> _Description of the task_: Print all of the data below exactly as it appears, leaving out every image.

> _Information provided_:
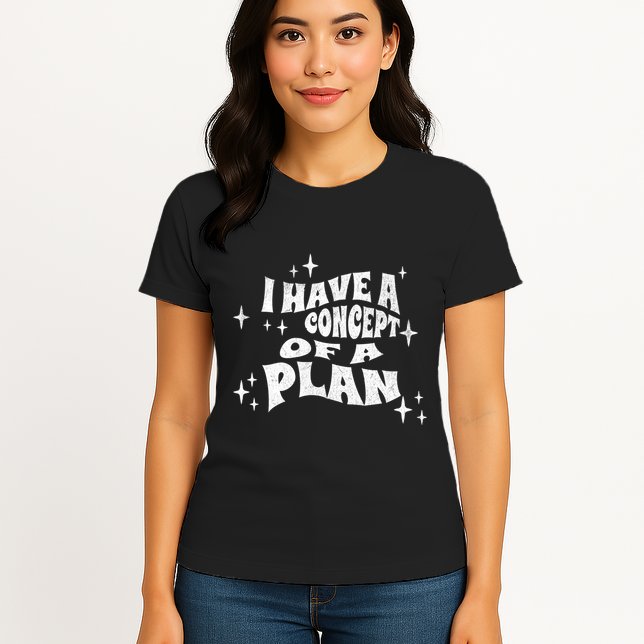 I Have A Concept Of A Plan Womens T-Shirt
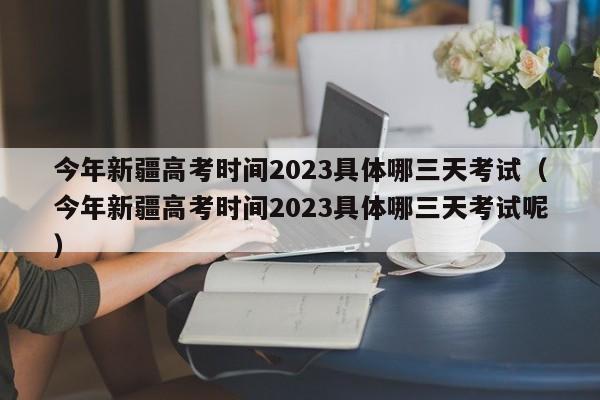 今年新疆高考时间2023具体哪三天考试（今年新疆高考时间2023具体哪三天考试呢）-第1张图片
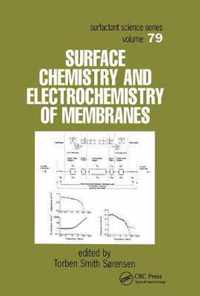 Surface Chemistry and Electrochemistry of Membranes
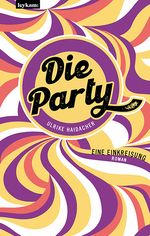 Die Party Cover des Buches Die Party (ISBN: 9783701182077)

> _Exercise result_:
 I Have A Concept Of A Plan Womens T-Shirt
 今年新疆高考时间2023具体哪三天考试（今年新疆高考时间2023具体哪三天考试呢）-第1张图片
 Surface Chemistry and Electrochemistry of Membranes
 Die Party Cover des Buches Die Party (ISBN: 9783701182077)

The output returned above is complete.